Task item –
Below are records. Find each line in them that holds the word "dogs" and copy it.

Data supplied –
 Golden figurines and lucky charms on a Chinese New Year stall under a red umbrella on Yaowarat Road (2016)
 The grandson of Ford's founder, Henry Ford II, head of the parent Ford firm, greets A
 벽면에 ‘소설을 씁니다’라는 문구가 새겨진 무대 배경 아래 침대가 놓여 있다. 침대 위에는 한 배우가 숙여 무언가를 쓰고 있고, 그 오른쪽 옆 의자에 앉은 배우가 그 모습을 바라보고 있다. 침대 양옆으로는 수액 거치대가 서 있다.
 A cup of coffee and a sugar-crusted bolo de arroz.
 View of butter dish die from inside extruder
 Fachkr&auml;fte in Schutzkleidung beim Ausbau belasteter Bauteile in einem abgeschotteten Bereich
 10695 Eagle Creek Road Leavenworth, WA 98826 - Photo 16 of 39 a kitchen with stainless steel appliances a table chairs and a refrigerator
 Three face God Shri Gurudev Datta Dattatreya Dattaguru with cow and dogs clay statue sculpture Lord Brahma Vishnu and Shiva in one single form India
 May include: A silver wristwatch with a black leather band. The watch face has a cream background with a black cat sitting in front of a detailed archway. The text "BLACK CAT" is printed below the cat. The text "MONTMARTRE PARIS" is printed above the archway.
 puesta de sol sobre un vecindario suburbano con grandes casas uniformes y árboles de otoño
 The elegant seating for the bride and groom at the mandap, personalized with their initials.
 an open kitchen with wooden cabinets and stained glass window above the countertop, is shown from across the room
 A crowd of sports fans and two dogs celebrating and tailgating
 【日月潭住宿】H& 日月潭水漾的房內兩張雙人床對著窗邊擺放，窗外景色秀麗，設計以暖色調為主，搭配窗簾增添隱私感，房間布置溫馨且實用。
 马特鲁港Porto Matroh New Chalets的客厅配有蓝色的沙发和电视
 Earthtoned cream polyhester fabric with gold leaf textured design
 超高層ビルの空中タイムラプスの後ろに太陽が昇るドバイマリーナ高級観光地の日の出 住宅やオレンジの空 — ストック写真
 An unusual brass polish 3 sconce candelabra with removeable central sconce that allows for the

Exercise answer –
 Three face God Shri Gurudev Datta Dattatreya Dattaguru with cow and dogs clay statue sculpture Lord Brahma Vishnu and Shiva in one single form India
 A crowd of sports fans and two dogs celebrating and tailgating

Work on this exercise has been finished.